··· Data provided

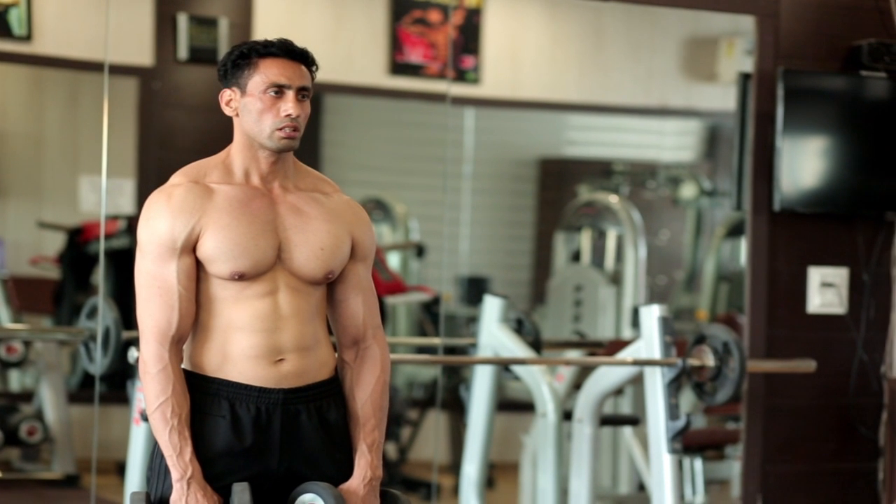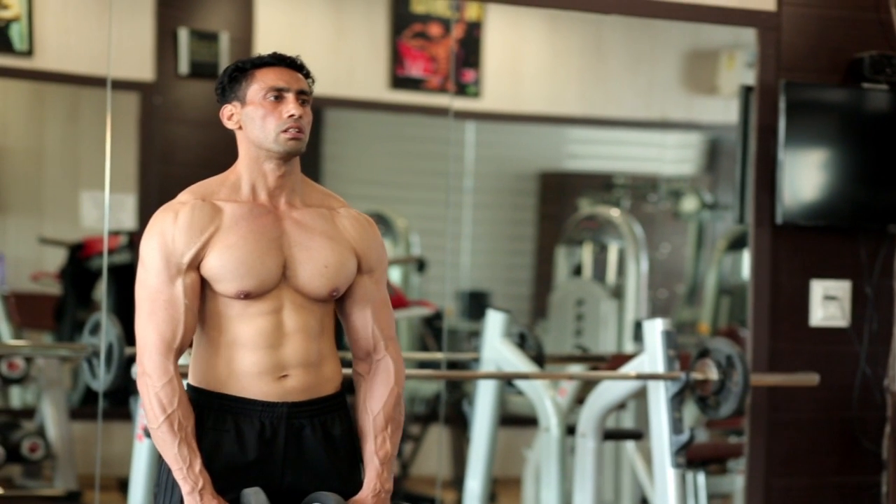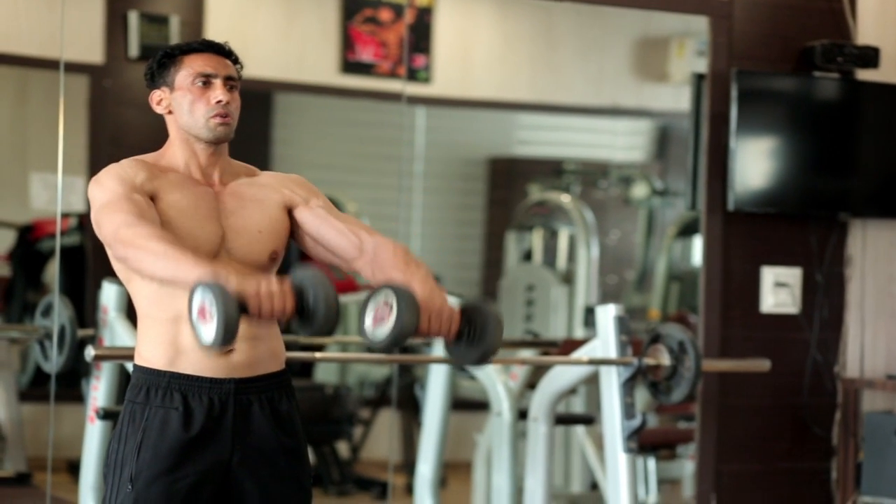Start with feet shoulder-width apart, dumbbells in front of your thighs with palms facing down, shoulder-width grip. Keep your back straight, keep a slight bend in your elbows at all times.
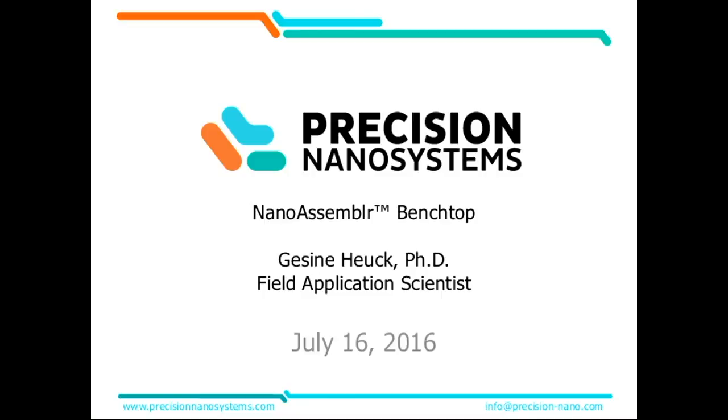Great session so far, I think. I congratulate everyone on great talks. I have the pleasure to give you a little teaser about the NanoAssembler Benchtop Instrument, which I assume about 50% in this room — if I believe the polls from before — are using up-to-date. Ivan and Kazuo Maruyama already did a great job at introducing this a bit, so I'll see what I can do here.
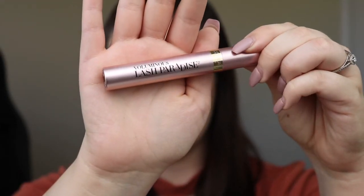And then I'm going to use the Voluminous Lash Paradise from L'Oreal, which is the mascara that I used on my top lashes, on my bottom lashes. And that's it!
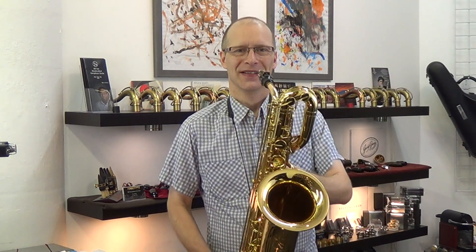And yeah, it's a real fun horn to play. Thank you for watching. This is what it sounds like.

······

Assignment:
Repeat exactly the lines from the one containing "And then I'm" to the last line of the data above, both included, and write no pictures into the copy.

Final answer:
And then I'm going to use the Voluminous Lash Paradise from L'Oreal, which is the mascara that I used on my top lashes, on my bottom lashes. And that's it!
And yeah, it's a real fun horn to play. Thank you for watching. This is what it sounds like.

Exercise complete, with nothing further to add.